The contrary position of the Office of the United Nations High Commissioner for Human Rights (OHCHR) on this issue has been emphasised by local actors. Podemos refers to the anonymity ban as a tool to avoid dissent on social networks, strongly opposes it, and says that the talk about the activities of Russian bots is a campaign to generate panic among the population. The Platform for Defence of Information Freedom (Plataforma en Defensa de la Libertad de Información, PDLI) strongly opposes banning online anonymity as well, expressing major concerns that it will lead to repressive measures. Most progressive actors prefer to boost education logics (digital literacy and digital verification literacy) in order to better protect citizens against fake news by creating a better informed and more critical society. Education efforts from schools to universities and a more fact-based approach to current affairs on the part of media are considered the best ways of protecting the truth on the internet.

Natalie Bennett, United Kingdom

What is the state of the public and political debate on fake news in your country?

In the UK, there are two distinct aspects to the fake news debate. As in other countries, there’s concern about the role of social media in amplifying reports from dubious or clearly false sources, and the role of foreign governments, particularly Russia, in influencing and disrupting national debate through it. Ofcom, the media regulator, has called for internet social media giants to be classified as publishers, and the parliamentary select committee on culture, media, and sport has threatened to sanction Facebook and Twitter if they fail to provide more information on Russia’s role on social media in the Brexit referendum. Given the pressures of Brexit, however, immediate action seems unlikely.

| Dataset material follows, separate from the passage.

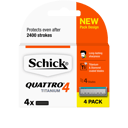 SCHICK QUATTRO TITANIUM REFILL BLADES 4 PACK thumbnail 1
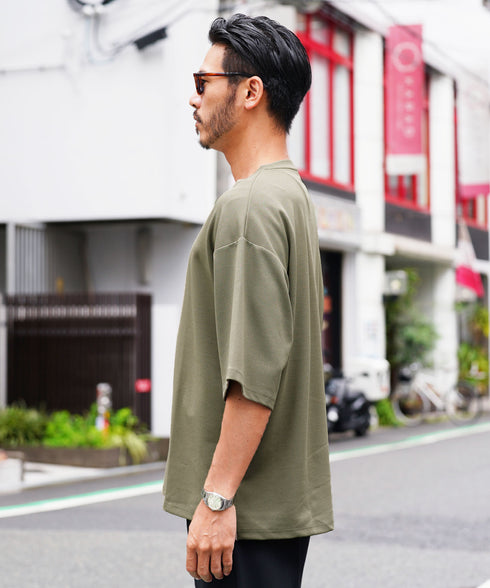 UVカット梨地 裾スリット入りBIGTシャツ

But there’s a broader issue about the failure of mainstream traditional media to hold to account the false claims of political figures and campaigners, and the influence of a handful of media tycoons on the news most people access. The issue has come to the fore in the Brexit debate – particularly around the claim by the ‘Leave’ campaign of 350 million pounds a week being available to the NHS if the referendum went its way – but is a longstanding one. The BBC has been subjected to increasing political pressure and interference.

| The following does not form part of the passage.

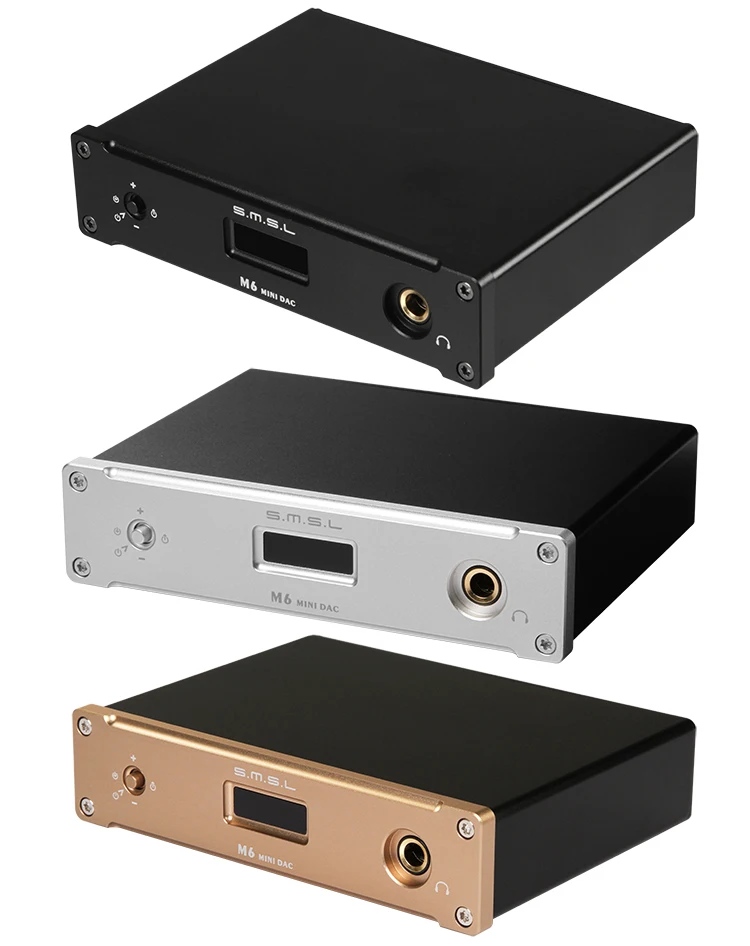 SMSL M6 HIFI DAC + усилитель для наушников все в одном оптический/коаксиальный/USB 384 кГц/32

Ownership in the UK is some of the most concentrated in the world, with three companies controlling 71 per cent of national newspaper circulation and five controlling 81 per cent of local media titles. Through websites, these outlets have far more impact than their circulation figures suggest.

What are the propositions of progressive players on the issue of fake news?

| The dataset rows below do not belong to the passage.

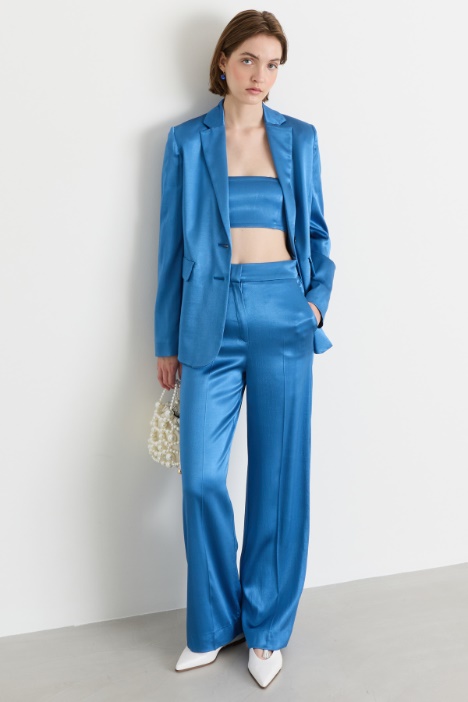 Stretch Satin Three-Piece Suit - Intrend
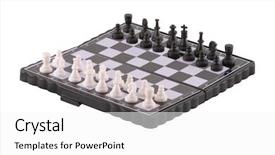  Presentation with chessboard - Beautiful presentation theme featuring image of chessboard backdrop and a white colored foreground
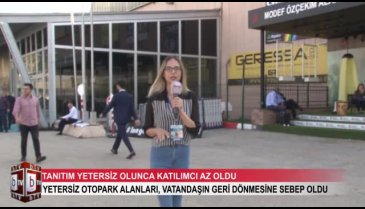 Bursa'da yeterli tanıtım olmayınca, beklenen ilgi gelmedi! (ÖZEL HABER)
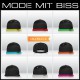 NEU Snapback Set Bonnie & Clyde hochwerig Bestickt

Greens are greatly concerned about the decline of local newspapers (already far weaker than in other parts of Europe) and broadcasters, crucial for democratic oversight and community-building. Many places no longer have any regular coverage of local councils and statutory bodies. The Green Party of England and Wales calls for a tax on internet advertising (dubbed a ‘Google tax’) to fund both the BBC, giving it greater independence, and local news sources, which are strong and vibrant in some places (e.g. the Dorset Eye and the Hackney Citizen).

There’s also been a focus on internet giants such as Facebook and Google, urging them to act more strongly on internet abuse and harassment, as well as transparency and action on fake news. And on them paying their taxes to meet the needs of the society from which they are profiting.

Increasing plurality of media ownership is a key issue. The Media Reform Coalition is the leading campaigner, calling for a maximum of 15 per cent audience reach, backed by Greens. Greens have also focused on increasing the independence of regulatory and oversight bodies, such as the BBC Trust and Ofcom.

The Leveson inquiry, set up in 2011 following a scandal about illegal phone hacking, made brief reference to ownership, with plans for a second inquiry, but that has not happened. Greens have supported this second inquiry, and backed Leveson’s recommendations for independent regulation, which was not implemented. Instead a new self-regulation body, the Independent Press Standards Organisation, was set up but has had little impact on standards.